_Requirement_
The entries below need to be written out exactly, with no pictures included.

_The data_

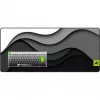 Sharkoon SKILLER SGK50 S3 Design Bundle D5 keycap and mouse mat set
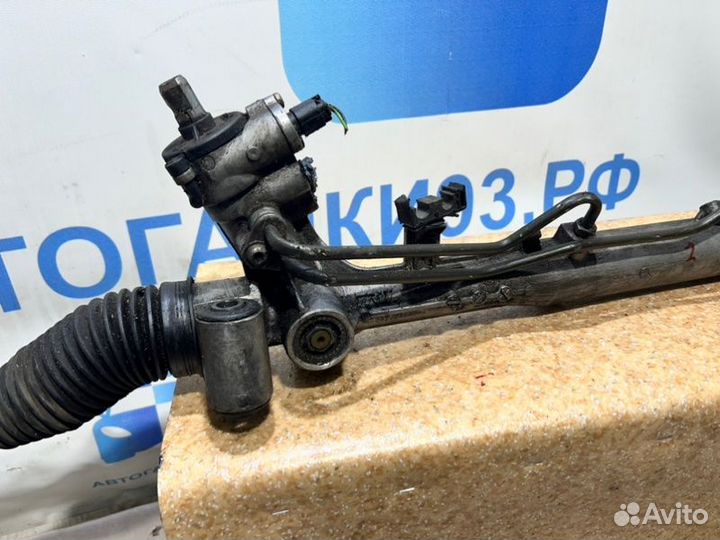 Рулевая рейка Opel Vectra C Z22YH 2004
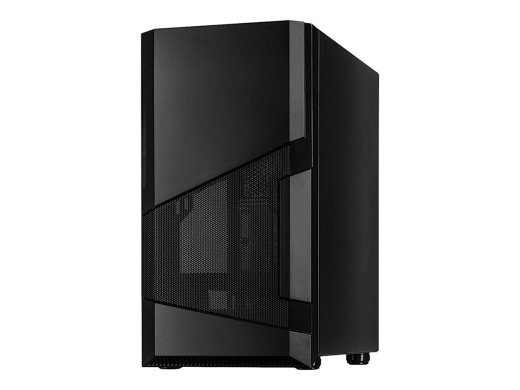 Inter-Tech SM-007 Enforcer Tower Mikro ATX Must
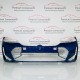BMW 3 Series Front Bumper G20 G21 M Sport Genuine 51118085444 | 2022–2024 [Ba16]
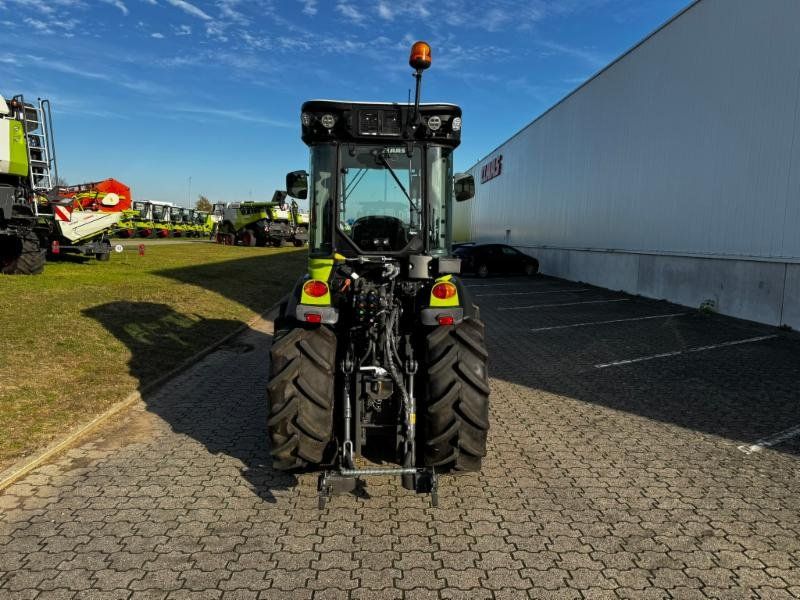 Claas NEXOS 260 S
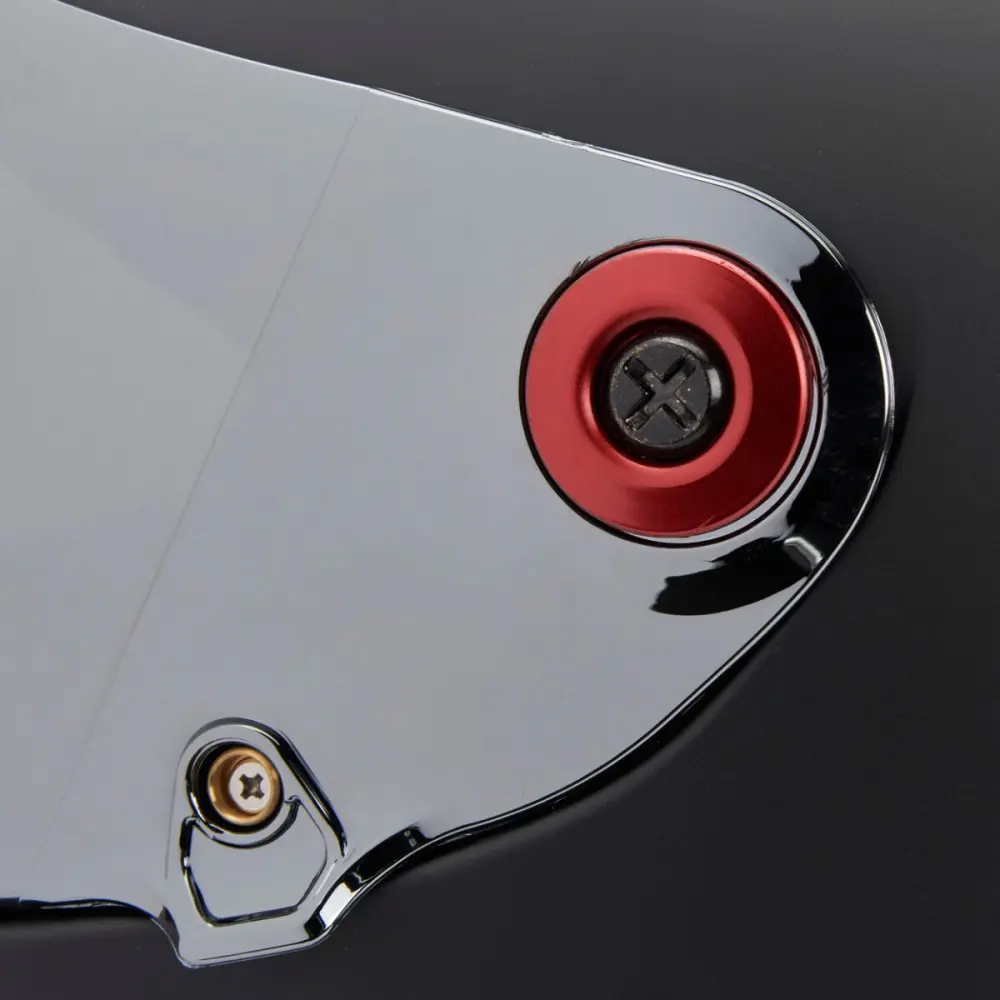 BILTWELL - HARDWARE KT GEN2 BLK/RED - 01331341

_Answer to this exercise_
 Sharkoon SKILLER SGK50 S3 Design Bundle D5 keycap and mouse mat set
 Рулевая рейка Opel Vectra C Z22YH 2004
 Inter-Tech SM-007 Enforcer Tower Mikro ATX Must
BMW 3 Series Front Bumper G20 G21 M Sport Genuine 51118085444 | 2022–2024 [Ba16]
 Claas NEXOS 260 S
 BILTWELL - HARDWARE KT GEN2 BLK/RED - 01331341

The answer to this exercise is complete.